---- Extracted information

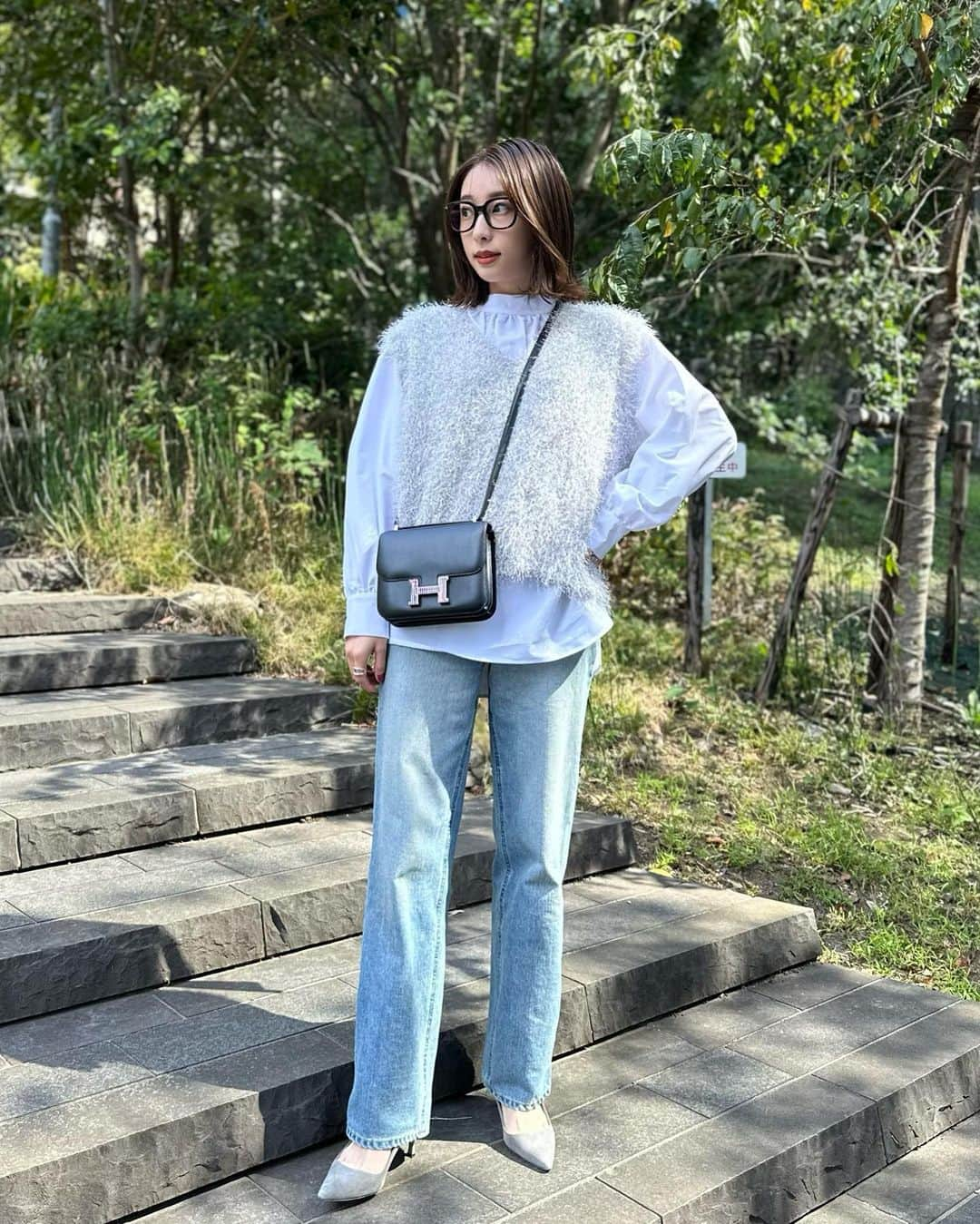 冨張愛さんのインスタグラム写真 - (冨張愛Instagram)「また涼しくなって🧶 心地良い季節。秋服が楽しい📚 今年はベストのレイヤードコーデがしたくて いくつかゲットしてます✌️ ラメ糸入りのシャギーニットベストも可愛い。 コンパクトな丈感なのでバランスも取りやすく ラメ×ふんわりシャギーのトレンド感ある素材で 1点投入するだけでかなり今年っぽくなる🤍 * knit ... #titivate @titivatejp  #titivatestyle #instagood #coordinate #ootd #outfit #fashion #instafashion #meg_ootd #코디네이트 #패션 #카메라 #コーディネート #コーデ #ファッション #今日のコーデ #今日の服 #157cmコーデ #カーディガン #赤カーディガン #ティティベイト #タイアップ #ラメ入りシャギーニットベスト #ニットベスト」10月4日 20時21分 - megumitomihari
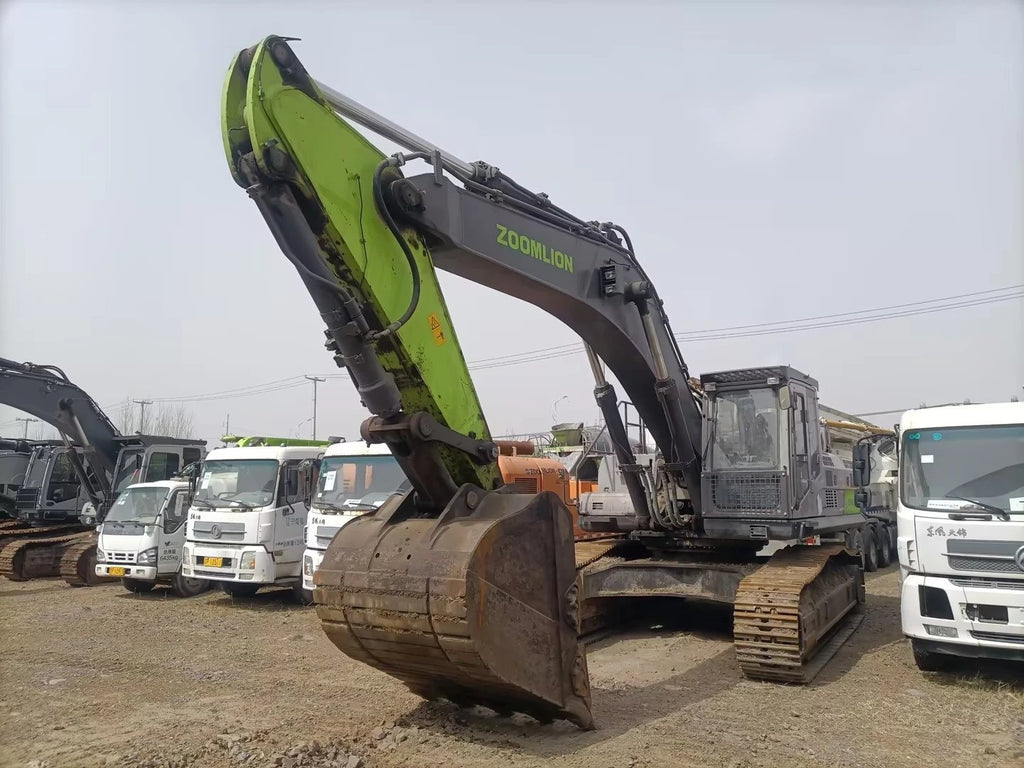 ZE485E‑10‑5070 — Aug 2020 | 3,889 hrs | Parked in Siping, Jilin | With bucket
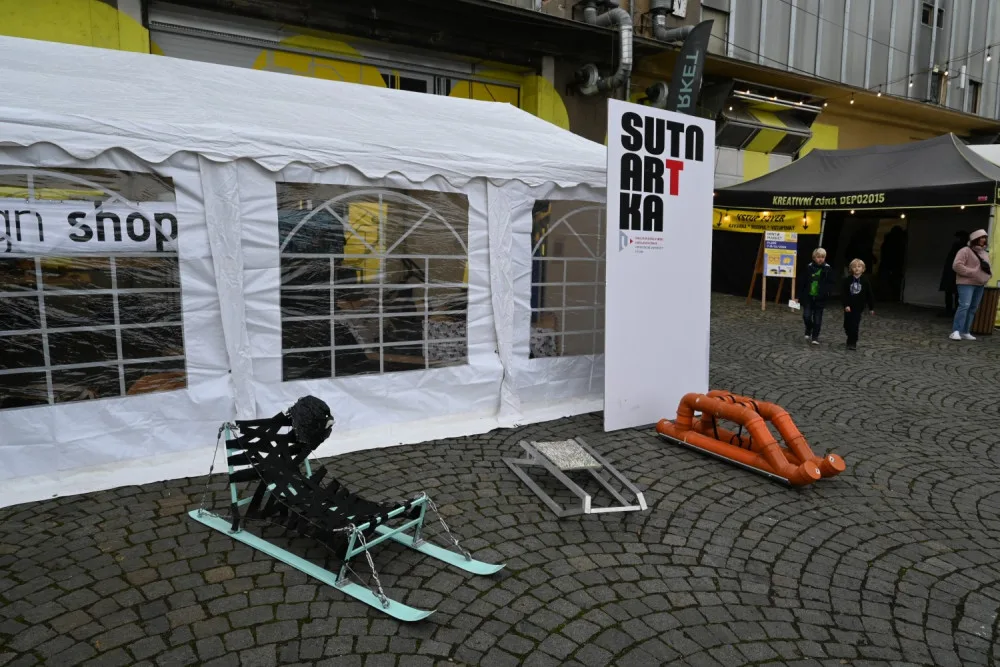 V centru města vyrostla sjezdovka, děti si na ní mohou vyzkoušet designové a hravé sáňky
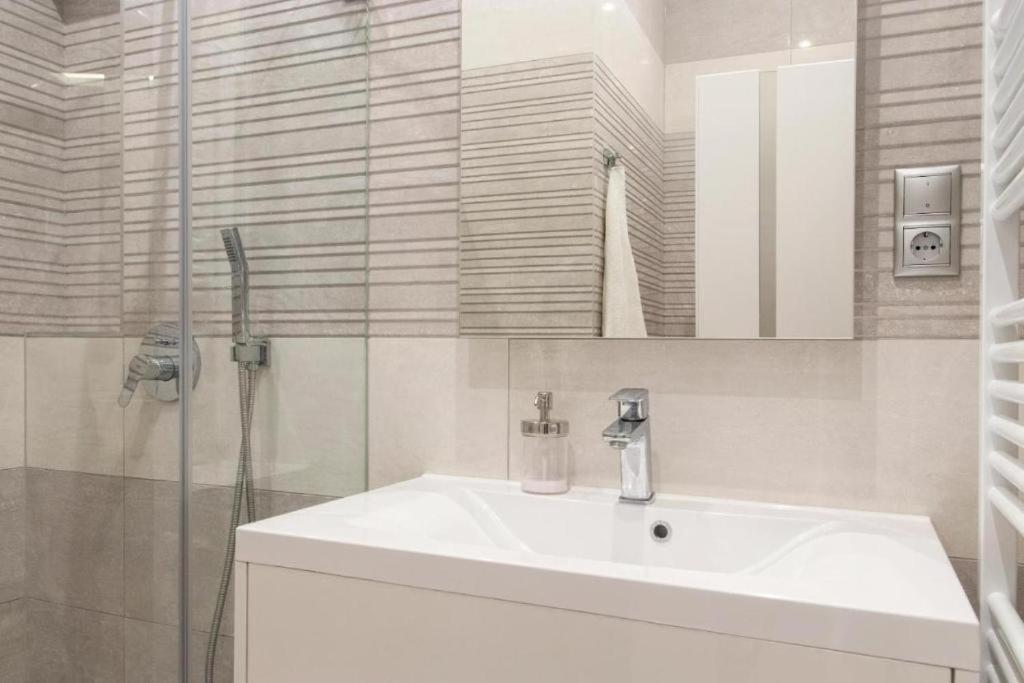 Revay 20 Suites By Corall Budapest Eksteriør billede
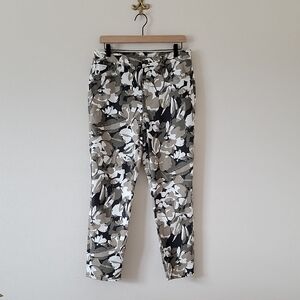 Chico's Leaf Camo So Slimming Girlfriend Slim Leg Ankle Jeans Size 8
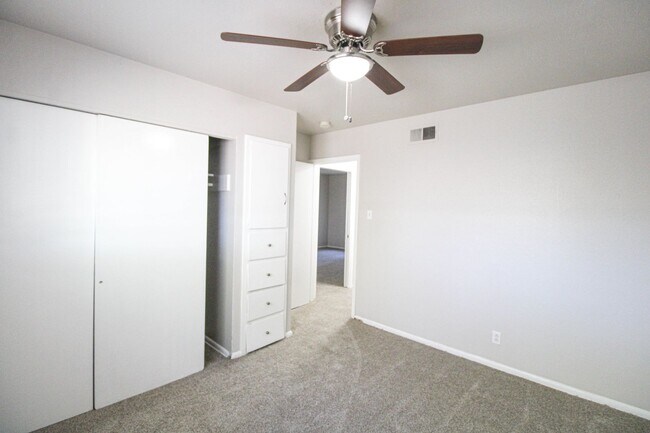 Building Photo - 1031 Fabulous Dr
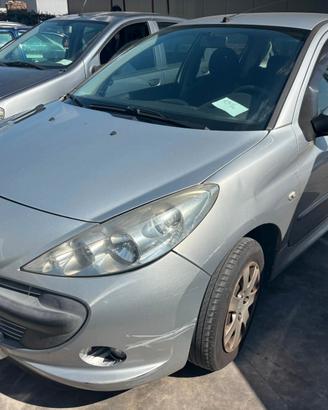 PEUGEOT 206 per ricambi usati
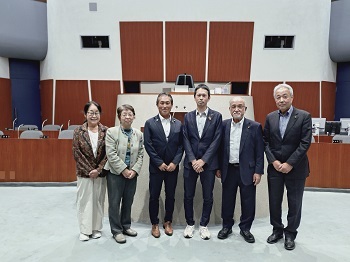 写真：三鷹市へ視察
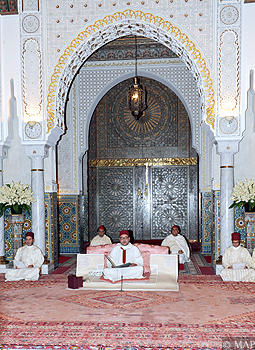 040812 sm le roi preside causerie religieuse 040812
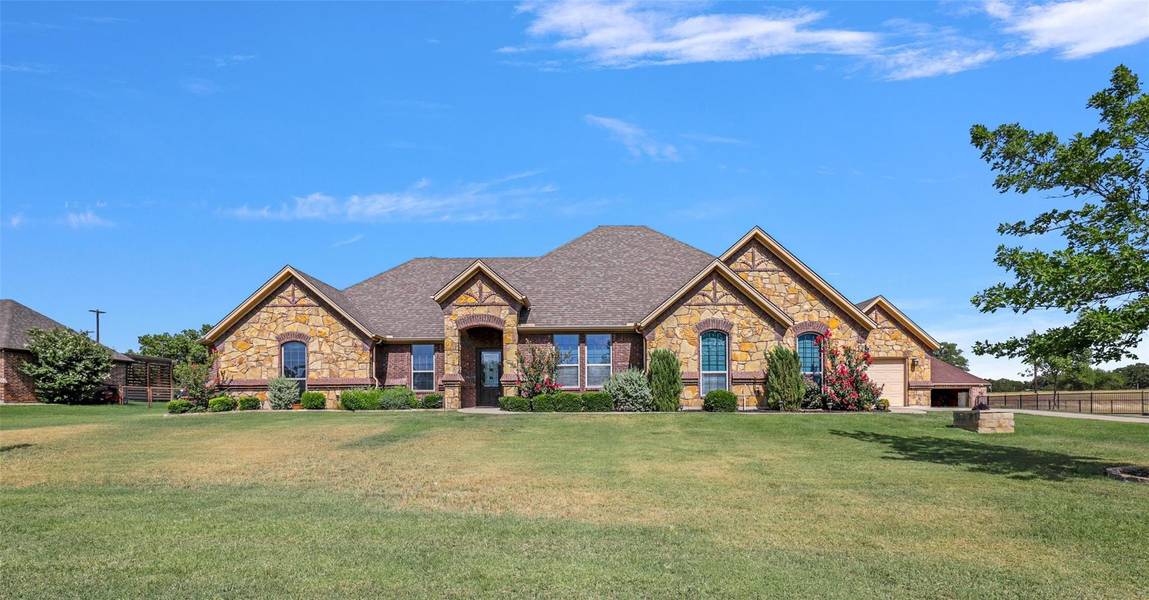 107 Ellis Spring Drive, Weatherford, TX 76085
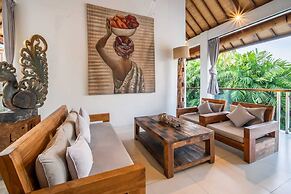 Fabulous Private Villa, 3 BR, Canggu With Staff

--------

[Instructions for the task]:
Write the listing out exactly, apart from its pictures.

[Your response]:
 冨張愛さんのインスタグラム写真 - (冨張愛Instagram)「また涼しくなって🧶 心地良い季節。秋服が楽しい📚 今年はベストのレイヤードコーデがしたくて いくつかゲットしてます✌️ ラメ糸入りのシャギーニットベストも可愛い。 コンパクトな丈感なのでバランスも取りやすく ラメ×ふんわりシャギーのトレンド感ある素材で 1点投入するだけでかなり今年っぽくなる🤍 * knit ... #titivate @titivatejp  #titivatestyle #instagood #coordinate #ootd #outfit #fashion #instafashion #meg_ootd #코디네이트 #패션 #카메라 #コーディネート #コーデ #ファッション #今日のコーデ #今日の服 #157cmコーデ #カーディガン #赤カーディガン #ティティベイト #タイアップ #ラメ入りシャギーニットベスト #ニットベスト」10月4日 20時21分 - megumitomihari
 ZE485E‑10‑5070 — Aug 2020 | 3,889 hrs | Parked in Siping, Jilin | With bucket
 V centru města vyrostla sjezdovka, děti si na ní mohou vyzkoušet designové a hravé sáňky
 Revay 20 Suites By Corall Budapest Eksteriør billede
 Chico's Leaf Camo So Slimming Girlfriend Slim Leg Ankle Jeans Size 8
 Building Photo - 1031 Fabulous Dr
 PEUGEOT 206 per ricambi usati
 写真：三鷹市へ視察
 040812 sm le roi preside causerie religieuse 040812
 107 Ellis Spring Drive, Weatherford, TX 76085
 Fabulous Private Villa, 3 BR, Canggu With Staff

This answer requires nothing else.